As a longtime teacher of music, and even longer student of music, I have had the opportunity to learn via trial and error many methods that have served me and my students. Since we’re getting ready for back to school, and I’m getting ready to welcome a bunch of new students into my studio, I thought I’d share a list of tips on how to get the most out of your private lessons. Private lessons ain’t cheap, so why not get absolutely everything you can out of them!
Obviously, you must have known that this would be number 1. Not only does practicing help you to master the many skills your teacher is teaching you, but it also helps for you to make discoveries, be creative and enjoy your lessons even more. Aim to practice a little bit every day, even five or ten minutes and increase the length of each session once you’ve established the habit. You’ll find you love your lessons even more!

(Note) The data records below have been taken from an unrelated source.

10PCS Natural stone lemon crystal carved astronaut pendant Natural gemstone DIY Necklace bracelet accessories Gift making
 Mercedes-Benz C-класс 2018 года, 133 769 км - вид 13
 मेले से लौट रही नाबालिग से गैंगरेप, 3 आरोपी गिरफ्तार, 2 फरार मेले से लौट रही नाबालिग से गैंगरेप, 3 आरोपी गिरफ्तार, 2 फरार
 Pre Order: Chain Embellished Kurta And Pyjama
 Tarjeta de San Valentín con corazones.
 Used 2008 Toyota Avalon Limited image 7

- Get to know your teacher
I cannot tell you how many times I’ve had people studying with me, and they have no idea what my training is or even my performance experience. Not having a clue about your teacher means you’re not getting the most out of them. Find out how they got into music, where they studied, what their performance background is and how long they’ve been teaching. Ask your teacher about their experiences as a student, performer and teacher, or at the very least check out their website so you know who you’re working with!
- Ask questions
There is nothing I love more than for a student to ask questions. Not only does it help me to structure our work to suit their needs, but it also gives me feedback on the work we’re doing. Be an active participant in your lessons and you will grow so much more as a musician. Teachers love to answer your questions!
- Do your research
I always love it when my students dig a little deeper into the work we’re doing. It’s always a good idea to listen to recordings of songs that you are working on, so you can get a sense of how the music is performed. Watch YouTube videos of professionals, amateurs and students performing, so you can get a sense of what is possible. It’s also a great idea to research the composers of the music you are learning and even the era of music, so you can get a sense of history and context.
- Record your lessons
I make all of my voice students record their lessons, so they can practice along with “me” between sessions. I have some of my piano students doing this now, as it is extremely helpful to hear directions over and over again and to hear how they sound when they are playing. Keeping an archive of lessons (I have every lesson I’ve ever taken saved in a folder in my Dropbox) helps you to go back an review past work, and it also helps for you to check in to see how much you have grown. All you need is a smart phone and you’re good to go!
Performance is something that can be tricky for people, but it’s important to remember that music is a performing art. I always urge my students to find a way to perform in a context that they feel comfortable with, in order to grow as a musician. It’s good to move through nerves in order to get to the core of the music, plus it’s a great way to have a goal to work towards. You don’t have to book a concert hall to do it either: consider a nursing home, a school or even just have a few friends or family members over. You’ll be bringing joy to them as you develop your skills.
Back to school time is always a great opportunity to start new habits and to dig a little deeper into your work. Try out a few of these tips and let me know how it’s helped you!